Face à une Fifa relativement discréditée, et comme le soulignent RFI (07/04/2018), Foot01 (02/04/2018), Afrik-Foot (02/04/2018), 20 Minutes (26/03/2018) et Slate (09/03/2018), le Maroc et ses partisans n’hésitent donc pas –à tord ou à raison– à contester le processus de sélection. Et, selon eux, le problème est double. D’une part, les critères d'évaluation auraient été modifiés «à moins de 24 heures du dépôt du dossier marocain », soit « 48 heures avant la date limite imposée par la FIFA». Et les nouveaux critères sont lourds de conséquences et de contraintes : les villes hôtes doivent compter au moins 250.000 habitants, les pays doivent faire valoir une capacité aéroportuaire minimale de 60 millions de passagers par an, les aéroports doivent être situés à une distance maximale de 90 minutes de la ville hôte, etc... D’autre part, la « Task Force » d’évaluation mise en place par la Fifa pose problème. Cette commission de cinq personnes chargée d’examiner les deux candidatures préalablement au vote du 13 juin, serait également autorisée à écarter «automatiquement» et sans possibilité de recours une candidature si elle l'estime insuffisante. Une attribution inacceptable selon ses détracteurs : « On n’a jamais vu une instance pareille ! […] Même le président [de la FIFA, Ndlr] Gianni Infantino n’a pas ce pouvoir de décider sans appel. C’est ça que nous contestons vigoureusement ».

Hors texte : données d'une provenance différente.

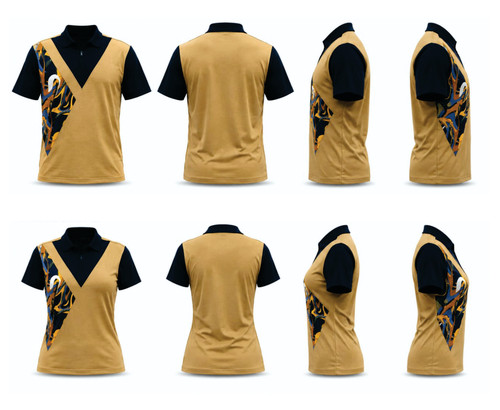 Premium black beige - premium, &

L’autre argument de poids, dont s’emparent les partisans du Maroc, est –sans grande surprise– celui de la sécurité. Alors que la « Task Force » arrive au Mexique, le 9 avril, Le Site (06/04/2018) et RFI (09/04/2018) relaient justement la publication par l’agence de conseil britannique Ergon d’un rapport pour le moins sévère sur les conditions de sécurité des participants aux 10 matchs de Coupe du monde qui devraient avoir lieu au Mexique en 2026 en cas de victoire nord-américaine. Toutefois, ce n’est pas tant le danger que représente la guerre contre les narcotrafiquants qui est pointé du doigt –car, précise RFI, le rapport « admet que les affrontements sont plus fréquents en dehors des trois villes où se joueront des matchs »– mais le harcèlement des femmes dans la capitale et la violence dont sont victimes les journalistes dans le pays. Des facteurs qui, selon Ergon, pourraient avoir un réel impact sur l’intégrité physique des participants de ce Mondial, qu’il s’agisse des joueurs ou des spectateurs.
Si le respect des droits de l'homme ou de la démocratie des pays candidats étaient un critère de sélection, cela se saurait depuis longtemps... Par contre, et comme le conclut Slate (09/04/2018), certains pourraient bien être tentés « d’infliger une sorte de camouflet diplomatique aux Américains, en juin prochain –à commencer par les Russes et leurs alliés (avec ce raffinement suprême que constitue un vote organisé à Moscou) »... Et quelques-uns pourraient peut-être, aussi, avoir envie de se «payer» Gianni Infantino...
Alors, les dés de la Coupe du Monde 2016 sont-ils déjà jetés?.